» **Task objective**
For each record below, retype the text exactly and omit any image.

» **Materials provided**
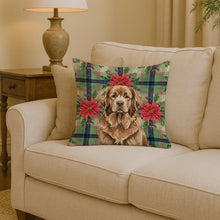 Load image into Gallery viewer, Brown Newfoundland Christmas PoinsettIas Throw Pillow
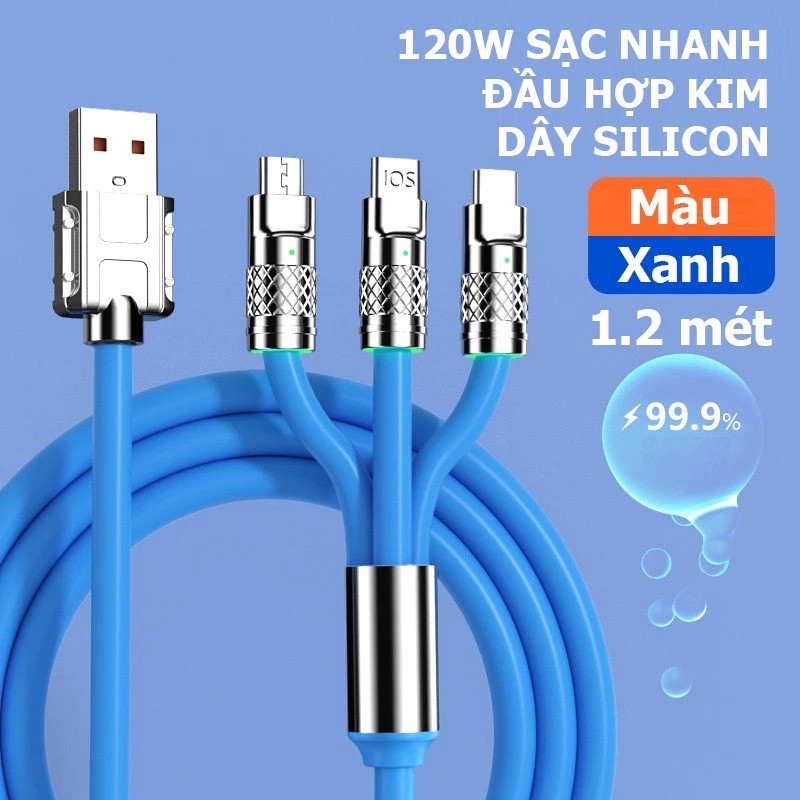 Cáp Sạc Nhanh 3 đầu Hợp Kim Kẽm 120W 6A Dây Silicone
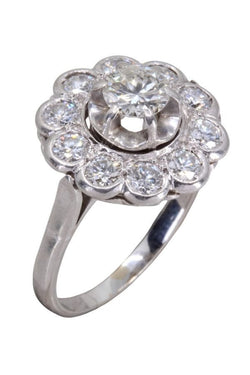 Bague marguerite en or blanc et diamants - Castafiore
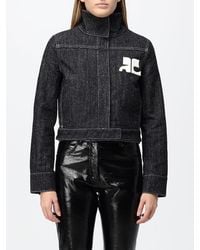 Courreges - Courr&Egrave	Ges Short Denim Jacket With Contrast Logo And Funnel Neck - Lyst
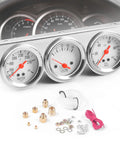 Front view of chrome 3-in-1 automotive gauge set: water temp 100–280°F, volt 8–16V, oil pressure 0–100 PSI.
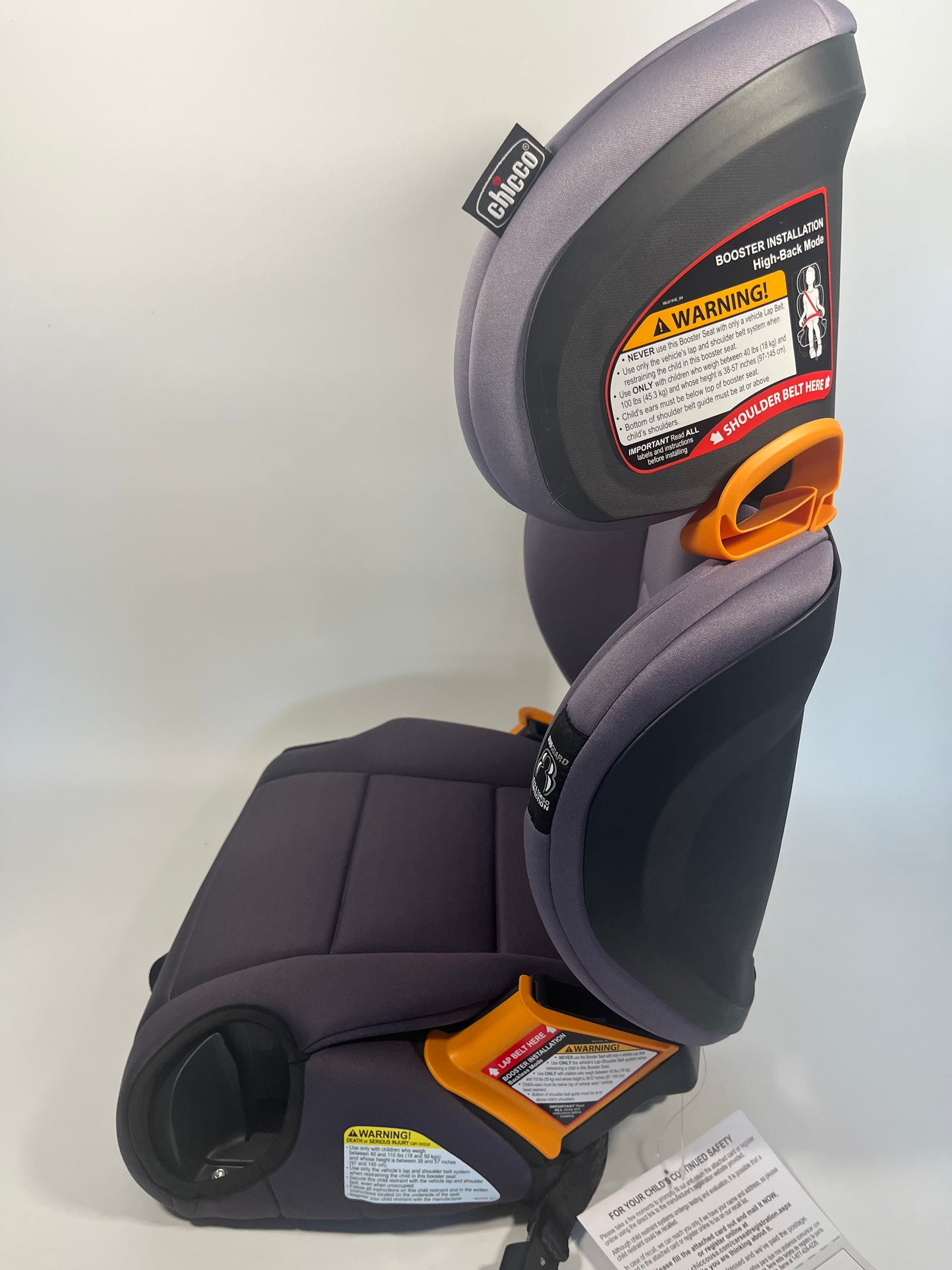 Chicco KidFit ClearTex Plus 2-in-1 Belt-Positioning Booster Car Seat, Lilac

» **Result of the exercise**
 Load image into Gallery viewer, Brown Newfoundland Christmas PoinsettIas Throw Pillow
 Cáp Sạc Nhanh 3 đầu Hợp Kim Kẽm 120W 6A Dây Silicone
 Bague marguerite en or blanc et diamants - Castafiore
 Courreges - Courr&Egrave	Ges Short Denim Jacket With Contrast Logo And Funnel Neck - Lyst
 Front view of chrome 3-in-1 automotive gauge set: water temp 100–280°F, volt 8–16V, oil pressure 0–100 PSI.
 Chicco KidFit ClearTex Plus 2-in-1 Belt-Positioning Booster Car Seat, Lilac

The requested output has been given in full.